Les nouveautés de la saison 4 de l'émission

Frédéric Couchet : Nous allons commencer par accueillir







On va faire une petite pause musicale.

[Virgule musicale]

Frédéric Couchet : Cette pause musicale n’a pas été proposée par Éric Fraudain, elle a été proposée par Marie-Odile Morandi qui interviendra en fin d’émission.
Nous allons écouter Pixel Peeker Polka par Kevin MacLeod. On se retrouve juste après. Belle journée à l’écoute de Cause Commune, la voix des possibles.

Pause musicale : Pixel Peeker Polka par Kevin MacLeod.

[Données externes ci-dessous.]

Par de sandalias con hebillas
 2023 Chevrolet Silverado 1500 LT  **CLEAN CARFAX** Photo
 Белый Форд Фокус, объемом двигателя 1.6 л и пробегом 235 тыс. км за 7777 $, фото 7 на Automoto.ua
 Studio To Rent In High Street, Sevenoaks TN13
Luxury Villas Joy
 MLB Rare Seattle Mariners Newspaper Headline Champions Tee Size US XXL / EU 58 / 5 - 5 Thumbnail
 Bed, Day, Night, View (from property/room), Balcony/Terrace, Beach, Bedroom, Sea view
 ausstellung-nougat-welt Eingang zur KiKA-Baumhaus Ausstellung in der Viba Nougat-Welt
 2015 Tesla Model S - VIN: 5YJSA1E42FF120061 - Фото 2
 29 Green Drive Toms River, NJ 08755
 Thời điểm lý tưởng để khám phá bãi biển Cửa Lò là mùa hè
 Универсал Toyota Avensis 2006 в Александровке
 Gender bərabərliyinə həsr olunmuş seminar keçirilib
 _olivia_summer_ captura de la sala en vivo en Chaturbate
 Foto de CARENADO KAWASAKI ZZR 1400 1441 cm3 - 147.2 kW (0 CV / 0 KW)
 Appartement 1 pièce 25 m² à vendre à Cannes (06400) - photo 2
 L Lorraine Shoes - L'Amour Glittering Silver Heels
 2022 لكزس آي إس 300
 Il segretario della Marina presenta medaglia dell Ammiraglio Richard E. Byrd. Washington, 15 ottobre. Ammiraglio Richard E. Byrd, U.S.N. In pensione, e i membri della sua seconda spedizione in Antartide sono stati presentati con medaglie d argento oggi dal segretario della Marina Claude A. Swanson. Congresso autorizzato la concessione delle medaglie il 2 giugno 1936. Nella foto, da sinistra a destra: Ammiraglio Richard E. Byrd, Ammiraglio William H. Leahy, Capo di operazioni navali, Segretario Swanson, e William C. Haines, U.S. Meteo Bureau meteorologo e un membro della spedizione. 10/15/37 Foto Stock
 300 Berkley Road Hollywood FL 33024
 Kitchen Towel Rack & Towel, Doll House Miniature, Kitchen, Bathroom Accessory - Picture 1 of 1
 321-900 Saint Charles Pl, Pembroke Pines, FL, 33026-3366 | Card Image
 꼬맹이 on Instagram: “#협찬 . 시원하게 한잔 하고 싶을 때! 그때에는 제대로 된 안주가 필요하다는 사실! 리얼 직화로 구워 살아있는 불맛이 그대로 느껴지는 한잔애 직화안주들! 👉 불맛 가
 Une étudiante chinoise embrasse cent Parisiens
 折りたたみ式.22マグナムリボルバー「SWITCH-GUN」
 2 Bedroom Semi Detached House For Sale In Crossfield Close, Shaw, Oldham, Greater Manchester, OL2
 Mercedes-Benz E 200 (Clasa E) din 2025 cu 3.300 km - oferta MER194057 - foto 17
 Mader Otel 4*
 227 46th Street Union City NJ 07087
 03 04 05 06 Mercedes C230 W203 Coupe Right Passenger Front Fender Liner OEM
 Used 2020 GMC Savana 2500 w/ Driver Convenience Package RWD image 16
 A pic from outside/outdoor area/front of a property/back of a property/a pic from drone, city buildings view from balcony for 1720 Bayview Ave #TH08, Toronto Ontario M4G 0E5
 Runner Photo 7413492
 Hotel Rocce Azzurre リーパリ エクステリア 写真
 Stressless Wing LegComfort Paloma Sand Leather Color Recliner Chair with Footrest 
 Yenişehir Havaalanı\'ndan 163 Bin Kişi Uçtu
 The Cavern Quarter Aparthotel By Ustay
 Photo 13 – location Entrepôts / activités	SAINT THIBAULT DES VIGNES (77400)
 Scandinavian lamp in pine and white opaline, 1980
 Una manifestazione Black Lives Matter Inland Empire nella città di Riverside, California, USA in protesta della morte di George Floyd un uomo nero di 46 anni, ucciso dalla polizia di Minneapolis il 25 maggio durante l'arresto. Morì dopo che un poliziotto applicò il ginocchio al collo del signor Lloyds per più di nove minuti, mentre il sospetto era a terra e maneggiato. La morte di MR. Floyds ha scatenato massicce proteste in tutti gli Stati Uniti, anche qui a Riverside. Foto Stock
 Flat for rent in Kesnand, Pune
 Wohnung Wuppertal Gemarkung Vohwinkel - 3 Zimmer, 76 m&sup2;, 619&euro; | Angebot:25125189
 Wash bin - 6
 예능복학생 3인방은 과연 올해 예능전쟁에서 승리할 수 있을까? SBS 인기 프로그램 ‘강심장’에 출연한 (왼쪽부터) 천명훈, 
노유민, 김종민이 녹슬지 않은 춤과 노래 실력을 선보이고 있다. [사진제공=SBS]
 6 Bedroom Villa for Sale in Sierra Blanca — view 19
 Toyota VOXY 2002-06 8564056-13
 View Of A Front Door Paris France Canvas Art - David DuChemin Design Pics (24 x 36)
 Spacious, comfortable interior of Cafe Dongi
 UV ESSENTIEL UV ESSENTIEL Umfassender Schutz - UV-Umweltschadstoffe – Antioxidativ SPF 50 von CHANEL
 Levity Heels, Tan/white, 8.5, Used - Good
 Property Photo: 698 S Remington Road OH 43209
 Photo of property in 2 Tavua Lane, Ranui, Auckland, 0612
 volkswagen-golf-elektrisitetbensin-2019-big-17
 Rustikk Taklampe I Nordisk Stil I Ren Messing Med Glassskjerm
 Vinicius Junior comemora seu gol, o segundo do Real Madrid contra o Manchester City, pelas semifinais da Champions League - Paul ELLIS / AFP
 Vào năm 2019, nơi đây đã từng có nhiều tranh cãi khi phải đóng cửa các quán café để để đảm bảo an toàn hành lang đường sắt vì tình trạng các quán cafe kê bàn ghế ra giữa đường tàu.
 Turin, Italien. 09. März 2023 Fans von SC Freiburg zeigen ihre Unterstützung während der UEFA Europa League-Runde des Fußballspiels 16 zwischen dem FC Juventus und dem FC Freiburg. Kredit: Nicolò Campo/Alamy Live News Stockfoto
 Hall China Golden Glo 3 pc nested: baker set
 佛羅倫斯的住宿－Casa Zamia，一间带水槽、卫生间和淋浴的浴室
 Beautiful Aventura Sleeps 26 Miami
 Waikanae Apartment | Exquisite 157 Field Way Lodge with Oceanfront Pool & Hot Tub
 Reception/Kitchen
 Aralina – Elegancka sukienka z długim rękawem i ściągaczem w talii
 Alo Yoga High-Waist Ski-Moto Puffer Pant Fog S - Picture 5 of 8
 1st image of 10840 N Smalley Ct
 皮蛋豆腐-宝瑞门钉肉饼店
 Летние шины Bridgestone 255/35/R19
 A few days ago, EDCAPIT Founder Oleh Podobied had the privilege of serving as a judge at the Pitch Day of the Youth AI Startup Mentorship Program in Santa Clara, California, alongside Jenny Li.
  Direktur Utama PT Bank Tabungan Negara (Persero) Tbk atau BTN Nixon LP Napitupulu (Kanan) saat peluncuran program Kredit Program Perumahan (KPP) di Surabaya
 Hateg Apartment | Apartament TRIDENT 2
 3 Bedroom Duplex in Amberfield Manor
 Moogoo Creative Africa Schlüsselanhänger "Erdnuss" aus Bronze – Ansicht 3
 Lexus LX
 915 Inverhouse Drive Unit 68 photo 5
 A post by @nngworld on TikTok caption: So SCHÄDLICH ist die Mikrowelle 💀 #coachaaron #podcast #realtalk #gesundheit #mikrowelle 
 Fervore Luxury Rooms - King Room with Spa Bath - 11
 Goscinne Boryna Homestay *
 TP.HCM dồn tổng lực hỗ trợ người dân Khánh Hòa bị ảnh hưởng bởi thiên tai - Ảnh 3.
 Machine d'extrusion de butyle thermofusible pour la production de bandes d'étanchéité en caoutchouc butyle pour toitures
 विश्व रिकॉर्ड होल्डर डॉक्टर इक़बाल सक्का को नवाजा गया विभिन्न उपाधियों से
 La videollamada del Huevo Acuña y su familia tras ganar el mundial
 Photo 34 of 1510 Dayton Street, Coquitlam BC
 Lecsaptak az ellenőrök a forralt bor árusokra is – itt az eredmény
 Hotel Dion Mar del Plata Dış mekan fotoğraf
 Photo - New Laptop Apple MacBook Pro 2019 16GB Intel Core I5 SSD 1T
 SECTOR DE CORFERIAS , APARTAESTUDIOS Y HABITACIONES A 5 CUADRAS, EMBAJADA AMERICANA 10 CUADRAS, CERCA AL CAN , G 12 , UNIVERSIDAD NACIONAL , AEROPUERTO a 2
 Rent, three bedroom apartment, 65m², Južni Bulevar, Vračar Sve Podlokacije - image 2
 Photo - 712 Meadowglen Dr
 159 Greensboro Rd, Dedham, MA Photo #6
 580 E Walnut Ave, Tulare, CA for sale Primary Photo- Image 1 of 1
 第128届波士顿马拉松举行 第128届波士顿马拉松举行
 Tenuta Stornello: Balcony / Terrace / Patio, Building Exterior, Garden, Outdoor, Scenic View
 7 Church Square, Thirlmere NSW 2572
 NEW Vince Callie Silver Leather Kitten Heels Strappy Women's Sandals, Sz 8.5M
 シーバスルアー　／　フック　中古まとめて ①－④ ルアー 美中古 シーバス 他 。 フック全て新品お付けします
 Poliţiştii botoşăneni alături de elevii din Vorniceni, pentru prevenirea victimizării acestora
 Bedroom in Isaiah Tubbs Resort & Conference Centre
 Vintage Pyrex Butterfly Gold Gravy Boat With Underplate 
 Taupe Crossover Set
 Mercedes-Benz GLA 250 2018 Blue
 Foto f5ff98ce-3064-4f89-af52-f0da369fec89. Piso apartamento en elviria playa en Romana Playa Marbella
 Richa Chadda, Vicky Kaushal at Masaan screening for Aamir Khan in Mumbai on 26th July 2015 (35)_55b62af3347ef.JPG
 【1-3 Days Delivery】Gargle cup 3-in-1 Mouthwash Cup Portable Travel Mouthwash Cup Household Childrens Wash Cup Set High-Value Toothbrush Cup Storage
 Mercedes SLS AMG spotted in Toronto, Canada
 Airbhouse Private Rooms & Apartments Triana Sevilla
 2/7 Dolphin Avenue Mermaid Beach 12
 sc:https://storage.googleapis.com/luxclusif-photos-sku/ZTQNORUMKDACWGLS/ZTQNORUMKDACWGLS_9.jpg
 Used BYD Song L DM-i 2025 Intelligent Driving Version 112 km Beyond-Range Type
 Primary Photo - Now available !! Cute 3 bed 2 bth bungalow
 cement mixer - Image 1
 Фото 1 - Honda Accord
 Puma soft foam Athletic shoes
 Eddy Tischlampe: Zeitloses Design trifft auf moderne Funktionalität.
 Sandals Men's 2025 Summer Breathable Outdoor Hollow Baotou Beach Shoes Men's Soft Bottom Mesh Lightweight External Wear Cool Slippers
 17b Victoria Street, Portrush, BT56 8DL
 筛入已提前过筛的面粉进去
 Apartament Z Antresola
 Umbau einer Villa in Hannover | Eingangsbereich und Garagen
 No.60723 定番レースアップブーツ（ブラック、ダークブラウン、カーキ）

Voix off : Cause Commune, 93.1.

Frédéric Couchet : Nous venons d’écouter Pixel Peeker Polka par Kevin MacLeod disponible sous licence libre Creative Commons Attribution, CC By, c’est-à-dire que vous pouvez utiliser cette musique comme bon vous semble à partir du moment où vous créditez l’auteur de la musique. Vous retrouverez les références sur le site de l’April, april.org et sur causecommune.fm.
Vous écoutez toujours l’émission Libre à vous ! sur radio Cause Commune, la voix des possibles, 93.1 FM et en DAB+ en Île-de-France et partout dans le monde sur le site causecommune.fm.
Nous allons passer maintenant au sujet suivant.

[Virgule musicale]

Frédéric Couchet : Nous allons poursuivre avec notre sujet principal qui porte sur les syndicats de l’Éducation et le logiciel libre. Le sujet a été enregistré il y a quelques jours, car les deux personnes invitées travaillent aujourd’hui lors de la diffusion de l’émission car c’est la rentrée des classes comme vous le savez. Nous allons écouter ce sujet enregistré et on se retrouve après.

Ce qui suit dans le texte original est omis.